Talking about cooking, obtaining, and eating palangi (white people) food is the major obsession for many in the Peace Corps. Who has an oven or stove, who lives near a store that sells cheese, who comes into Apia or lives in Apia near a supermarket, who eats with the host family, and prepares their own meals all define the levels at which we are integrating into our new way of life.

Mary and I are currently at a food divide. Mary just can’t eat Samoan food (She is not alone in this aspect) while it doesn’t bother me. Our host family who normally brings us food for every meal is confused about what they are to do about our meals.

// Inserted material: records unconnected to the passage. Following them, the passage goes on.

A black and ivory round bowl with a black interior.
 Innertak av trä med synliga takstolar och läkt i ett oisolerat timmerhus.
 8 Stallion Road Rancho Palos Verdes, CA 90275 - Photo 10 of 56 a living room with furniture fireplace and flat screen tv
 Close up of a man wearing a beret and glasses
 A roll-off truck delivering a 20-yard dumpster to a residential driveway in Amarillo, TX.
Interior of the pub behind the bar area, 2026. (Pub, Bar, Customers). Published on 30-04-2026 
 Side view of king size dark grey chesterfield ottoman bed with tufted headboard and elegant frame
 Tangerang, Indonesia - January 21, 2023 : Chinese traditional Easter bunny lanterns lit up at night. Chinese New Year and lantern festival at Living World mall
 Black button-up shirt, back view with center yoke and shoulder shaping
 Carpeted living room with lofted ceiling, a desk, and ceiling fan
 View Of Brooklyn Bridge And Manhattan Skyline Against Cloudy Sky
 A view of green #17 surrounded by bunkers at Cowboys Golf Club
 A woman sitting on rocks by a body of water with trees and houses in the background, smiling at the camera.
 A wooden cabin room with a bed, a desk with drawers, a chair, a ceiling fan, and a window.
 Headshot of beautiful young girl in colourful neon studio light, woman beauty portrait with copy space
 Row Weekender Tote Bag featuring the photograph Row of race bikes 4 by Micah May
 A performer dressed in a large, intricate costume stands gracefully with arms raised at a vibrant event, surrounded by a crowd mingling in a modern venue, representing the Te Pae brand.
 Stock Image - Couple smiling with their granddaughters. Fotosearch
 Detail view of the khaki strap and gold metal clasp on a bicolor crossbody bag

We sometimes fix instant soup or peanut butter sandwiches when no food seems coming, only to be brought food later, or we sit waiting a meal and none appears.

To survive and preserve our own relationship, we have purchased a propane gas stove and soon to buy a refrigerator and cooking utensils. The next challenge is to find food on this island we can eat to cook.

I can tell those who frequent ethnic restaurants and think they can eat anything, don’t be too boastful. We were there once too.

1 comment:

Teri said...

So glad to hear you are going to buy a fridge and propane stove. If Mary can't adapt to the food, then it is a necessity. Mary, you have my heartfelt sympathy and support.

For months, ever since Dad posted the blog entry about the incredibly tough Samoan chickens, I've been searching around for a certain type of excellent injectable marinade for meat & poultry but to no avail. I bought some about a year ago and it even did remarkable things to Western chickens. I'll keep looking...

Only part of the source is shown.